### WORK TO COMPLETE
How do the lines below between the ones holding "3 Guglielmi camper" and "Ελένη Κουναλάκη στην", inclusive, read? Give them again exactly, with no other lines.

### WORKING DATA
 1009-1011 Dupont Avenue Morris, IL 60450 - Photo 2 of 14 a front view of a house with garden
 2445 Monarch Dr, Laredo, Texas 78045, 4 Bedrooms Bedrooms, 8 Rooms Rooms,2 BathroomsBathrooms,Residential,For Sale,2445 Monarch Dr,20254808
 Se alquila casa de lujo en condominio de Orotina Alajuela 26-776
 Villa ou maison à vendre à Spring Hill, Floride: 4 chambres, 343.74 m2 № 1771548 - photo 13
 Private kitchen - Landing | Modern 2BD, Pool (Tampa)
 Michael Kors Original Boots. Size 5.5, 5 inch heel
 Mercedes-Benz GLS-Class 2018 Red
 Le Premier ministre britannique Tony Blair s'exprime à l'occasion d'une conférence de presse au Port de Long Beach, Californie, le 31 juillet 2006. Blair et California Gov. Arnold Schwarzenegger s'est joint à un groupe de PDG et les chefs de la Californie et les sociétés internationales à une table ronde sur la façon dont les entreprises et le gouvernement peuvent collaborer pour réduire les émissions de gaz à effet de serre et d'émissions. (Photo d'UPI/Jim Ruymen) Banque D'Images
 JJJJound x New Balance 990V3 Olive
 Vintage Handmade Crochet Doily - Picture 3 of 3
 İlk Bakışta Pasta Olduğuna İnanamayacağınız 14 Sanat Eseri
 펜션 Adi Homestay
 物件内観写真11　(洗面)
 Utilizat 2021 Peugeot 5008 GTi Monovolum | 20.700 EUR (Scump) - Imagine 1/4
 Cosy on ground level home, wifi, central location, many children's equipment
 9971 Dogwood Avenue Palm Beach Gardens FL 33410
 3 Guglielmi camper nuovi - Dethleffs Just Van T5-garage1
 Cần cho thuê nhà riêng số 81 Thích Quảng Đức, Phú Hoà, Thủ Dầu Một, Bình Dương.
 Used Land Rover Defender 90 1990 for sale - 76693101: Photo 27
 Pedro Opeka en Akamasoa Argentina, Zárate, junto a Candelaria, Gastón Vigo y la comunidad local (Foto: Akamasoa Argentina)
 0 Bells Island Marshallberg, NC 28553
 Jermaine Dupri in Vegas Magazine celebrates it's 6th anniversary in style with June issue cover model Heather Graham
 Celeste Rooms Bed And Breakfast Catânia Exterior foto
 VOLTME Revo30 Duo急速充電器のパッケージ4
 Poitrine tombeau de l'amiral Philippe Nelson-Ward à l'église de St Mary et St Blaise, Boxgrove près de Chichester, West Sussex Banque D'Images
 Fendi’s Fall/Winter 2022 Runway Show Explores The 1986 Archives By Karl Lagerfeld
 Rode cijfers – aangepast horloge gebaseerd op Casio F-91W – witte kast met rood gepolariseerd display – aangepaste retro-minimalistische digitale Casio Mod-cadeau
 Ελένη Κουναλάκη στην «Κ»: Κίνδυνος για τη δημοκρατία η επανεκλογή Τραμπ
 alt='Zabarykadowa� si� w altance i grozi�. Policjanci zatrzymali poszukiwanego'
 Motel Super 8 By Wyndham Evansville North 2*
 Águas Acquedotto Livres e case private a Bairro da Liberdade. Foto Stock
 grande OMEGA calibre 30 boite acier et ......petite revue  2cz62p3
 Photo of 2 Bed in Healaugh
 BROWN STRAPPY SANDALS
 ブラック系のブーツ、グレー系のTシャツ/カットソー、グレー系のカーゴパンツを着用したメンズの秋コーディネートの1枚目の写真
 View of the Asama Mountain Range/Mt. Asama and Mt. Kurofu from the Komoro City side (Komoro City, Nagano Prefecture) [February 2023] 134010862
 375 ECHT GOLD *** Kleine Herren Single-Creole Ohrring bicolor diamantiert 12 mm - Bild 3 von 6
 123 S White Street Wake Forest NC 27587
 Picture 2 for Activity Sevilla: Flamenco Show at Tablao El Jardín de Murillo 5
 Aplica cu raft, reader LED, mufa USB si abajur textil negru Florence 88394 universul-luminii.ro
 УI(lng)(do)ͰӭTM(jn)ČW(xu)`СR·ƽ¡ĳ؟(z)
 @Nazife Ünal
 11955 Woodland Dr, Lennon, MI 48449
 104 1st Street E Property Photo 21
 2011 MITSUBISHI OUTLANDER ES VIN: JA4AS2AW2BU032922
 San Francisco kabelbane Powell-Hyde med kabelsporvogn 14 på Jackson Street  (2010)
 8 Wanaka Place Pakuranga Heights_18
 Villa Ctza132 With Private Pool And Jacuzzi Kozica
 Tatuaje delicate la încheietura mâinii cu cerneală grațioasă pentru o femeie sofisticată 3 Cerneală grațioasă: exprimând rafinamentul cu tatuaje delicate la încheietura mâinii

### ANSWER FOR THIS EXERCISE
 3 Guglielmi camper nuovi - Dethleffs Just Van T5-garage1
 Cần cho thuê nhà riêng số 81 Thích Quảng Đức, Phú Hoà, Thủ Dầu Một, Bình Dương.
 Used Land Rover Defender 90 1990 for sale - 76693101: Photo 27
 Pedro Opeka en Akamasoa Argentina, Zárate, junto a Candelaria, Gastón Vigo y la comunidad local (Foto: Akamasoa Argentina)
 0 Bells Island Marshallberg, NC 28553
 Jermaine Dupri in Vegas Magazine celebrates it's 6th anniversary in style with June issue cover model Heather Graham
 Celeste Rooms Bed And Breakfast Catânia Exterior foto
 VOLTME Revo30 Duo急速充電器のパッケージ4
 Poitrine tombeau de l'amiral Philippe Nelson-Ward à l'église de St Mary et St Blaise, Boxgrove près de Chichester, West Sussex Banque D'Images
 Fendi’s Fall/Winter 2022 Runway Show Explores The 1986 Archives By Karl Lagerfeld
 Rode cijfers – aangepast horloge gebaseerd op Casio F-91W – witte kast met rood gepolariseerd display – aangepaste retro-minimalistische digitale Casio Mod-cadeau
 Ελένη Κουναλάκη στην «Κ»: Κίνδυνος για τη δημοκρατία η επανεκλογή Τραμπ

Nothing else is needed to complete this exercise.